Makes 5 to 6 small loaves or 2 large loaves
- 3 cups whole grain wheat flour (I substitute 1 cup all-purpose gluten-free flour and 1 cup coconut flour, but can mix flours as you choose…just leave at least 1 cup of whole grain wheat flour or 1 cup all purpose gluten-free flour as your base so your bread rises and has a good consistency)
- 1 tsp ground cinnamon
- 1 tsp ground ginger
- 1 tsp ground allspice
- 1 tsp ground cloves
- ½ tsp ground nutmeg
- 1 tsp fine sea salt
- 1 tsp baking soda
- ½ tsp baking powder
- 3 cups finely grated zucchini
- 4 small or 3 medium bananas, mashed
- 3 large eggs (organic, cage-free taste the best)
- 3/4 to 1 cup coconut palm sugar (blond)
- 2 tbsp brown sugar
- 1 cup non-fat plain Greek yogurt
- 3 tsp vanilla extract
- 1 cup chopped almonds or pecans
- Adjust oven racks so that one is in the middle.

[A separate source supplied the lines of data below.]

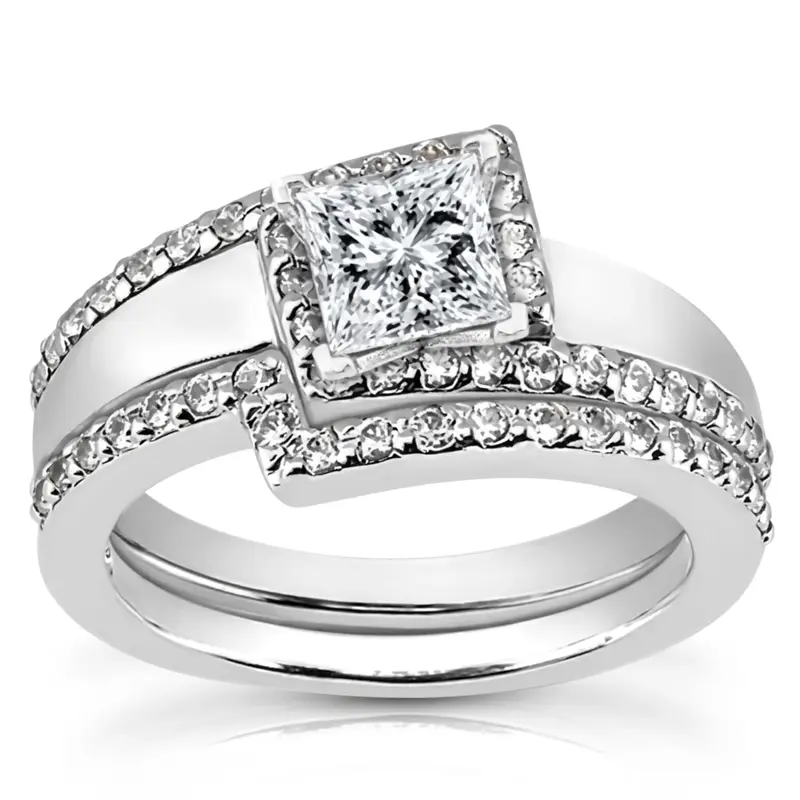 14K white gold Bead Set Diamond Engagement Ring (0.22 ct. tw.) - main view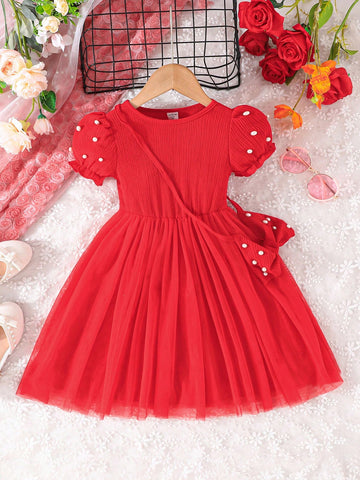 Young Girl Cute Princess Style Beaded Puff Sleeve Mesh Dress, Decorated With Bowknot, Suitable For Party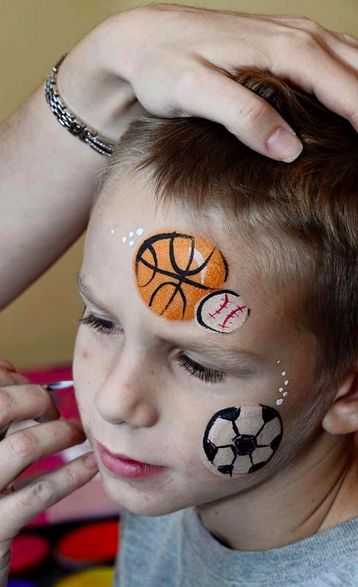 Sports balls Face Paint Basketball, Sport Face Paint Ideas, Soccer Ball Face Paint, Face Painting Sports, Sports Face Paint Ideas, Sport Face Paint, Basketball Face Paint, Boys Face Painting Ideas, Sports Face Paint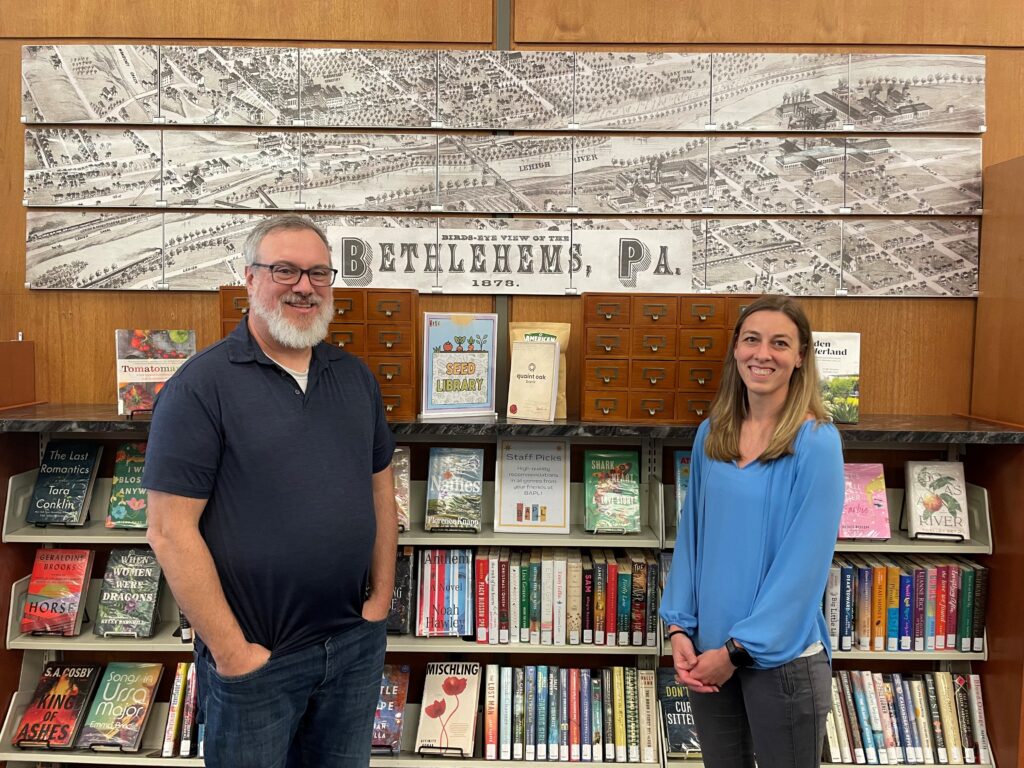 How Quaint Oak Bank Supports Local Libraries in Its Centennial Year 2 Two Bethlehem Area Public Library employees stand in front of the library’s seed collection display.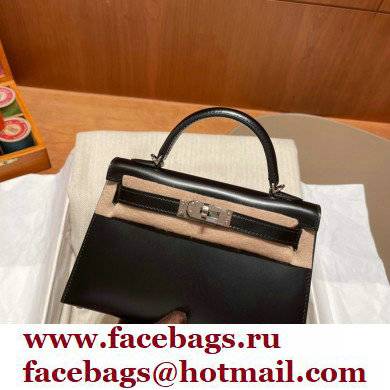 Hermes Mini Kelly II Handbag in original box leather black handmade - Click Image to Close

Preheat oven to 300 degrees
- Grease loaf pans with butter, oil or baking spray
- Combine the dry ingredients in one bowl. Beat the wet ingredients together in another bowl.
- Gently combine the dry ingredients with the wet ingredients. Add the chopped nuts if you decide to use them last.
- Pour the batter into the loaf pans.
- Bake 60 – 70 minutes. Keep checking bread using a toothpick until it comes out smooth. It may take a little longer to cook depending on how much batter is in each pan (I fill it about ¾ to the top). Be careful not to cook too long though, otherwise the bread may be dry.
Keep the bread you plan to eat in the refrigerator to cut down on spoilage. You can freeze the rest!